1. Get an early round in at the pub.
No one likes being the guy to remind another it’s their round! If I buy you a drink, I would like the gesture to be reciprocated without having to drag you to the bar. On the other hand, you may have genuinely forgot, or are waiting for a few lads to sly off and save yourself a few pennies. Avoid any of the controversy by offering to buy a round of drinks at your earliest convenience. As the glasses clink and a large chorus of cheers echoes throughout the pub, you’ll feel like an employed man among dole receivers.
2. Claim you like Irish music other than U2.
Ream off the Irish bands that belt out from your iTunes library without using Bono’s name and you’ll have impressed an entire nation. You can finally clinch that position as “friend” when you mention you were a massive Cranberries fan in the ‘90s, pronounce Thin Lizzy without the “h,” and recite the words to C’est la vie by B*Witched.
3. Don’t inform us what is going on in our country.
We’re well aware of our country’s financial situation and some of our questionable laws. As a general rule, we tend not to talk about the serious stuff at the dinner table; we have a strict diet of taking the piss, gossip, and banter! We already know that two guys can’t legally tie the knot and that a woman doesn’t have the right to have an abortion, but please don’t think our society doesn’t want to change these outdated laws. It’s also worth noting that someone may not share your ill-informed opinion about these touchy subjects, so, at least, have some concrete knowledge rather than starting every sentence with “I heard that in Ireland…”
4. Don’t talk shite.
If there’s a breed of animal on the face of the planet that all Irish people detest, it is the shite talker. There’s the one-uppers who incessantly need the final word on every story (If you’ve been to the moon, they brought a ladder to make sure they went further than you), compulsive liars who are having trouble following their current imaginative concoction, and those with a Wikipedia-like knowledge of any subject liable to come up in conversation! There’s a shite talker in every group, and you’ll know who they are when the troops let out a collective sigh of relief as they head to the pub’s bathroom.
5. Say “The Irish one is my favourite.”
I don’t particularly like One Direction, but I’ll be damned if you say you prefer one of the others over Niall Horan. Yea, Bridesmaids was hilarious, but Chris O’Dowd made that movie! No matter what you’ve seen or heard, the Irish at the table want to hear you say that their stars are the best. We’ve never met these people before but they are carrying the Irish flag overseas so we have to give them props…even if we’ve illegally downloaded all of their albums and movies!
6. Pronounce Irish names properly from the off.
There’s no easier way to colour an Irish person impressed than rhyming off words that are admittedly pretty hard to say for visitors! Place names like “Carrantuohill” and “Donegal” for instance are usually butchered so badly that we can sometimes come across as not knowing these places existed on our island in the first place.

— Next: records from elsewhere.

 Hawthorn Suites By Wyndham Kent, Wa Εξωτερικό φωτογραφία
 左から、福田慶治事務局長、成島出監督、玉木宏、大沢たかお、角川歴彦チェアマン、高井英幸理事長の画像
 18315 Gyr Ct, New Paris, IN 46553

People’s names are another beast entirely. It’s the same old battle you face every time you introduce yourself to another nationality. Just remember to spell your name Fo-net-ic-al-ee and hope for the best!

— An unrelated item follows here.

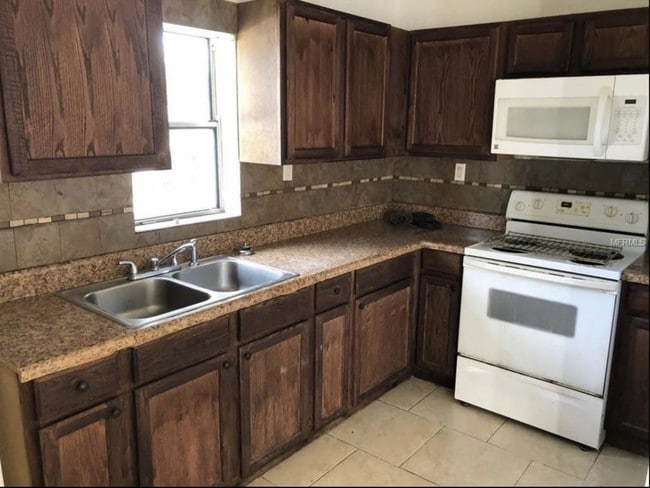 Photo - 1302 Josephine St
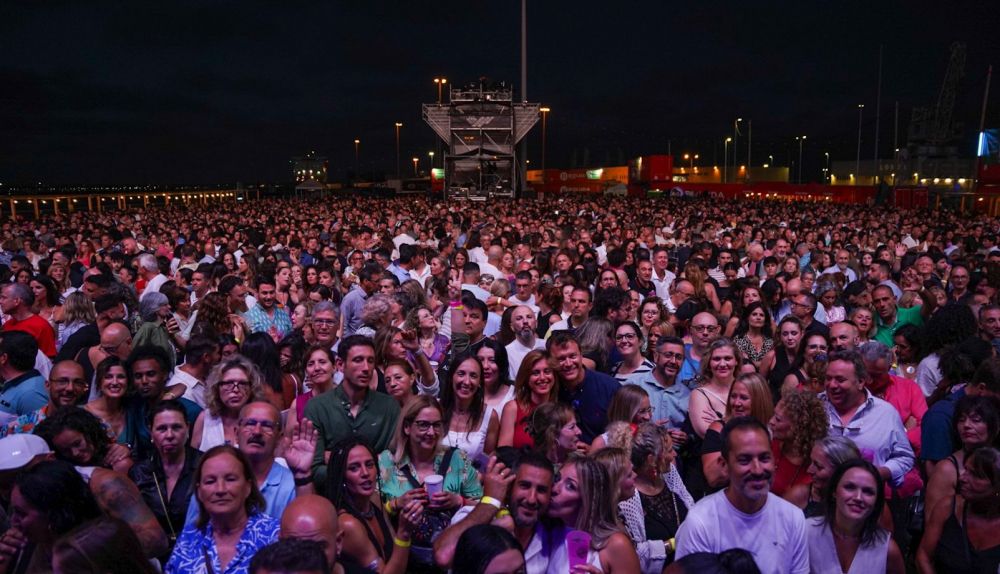 Marc Anthony Muelle de Cádiz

7. Inform us of all the Irish films you love.
First off Darby O’Gill and Leap Year don’t count! By the way, does that tradition really exist?!
It’s a shame many Irish movies don’t make it beyond our fair shores when it comes to reaching a wider theatrical audience, because we’ve made some amazing titles! My Left Foot, Once, and The Crying Game are just some of the wonderful stories told about life in Ireland. Heck we’d even love to hear all the biased history you took in from watching Neil Jordan’s Michael Collins too!
8. Praise our culture to the point we begin to like it again.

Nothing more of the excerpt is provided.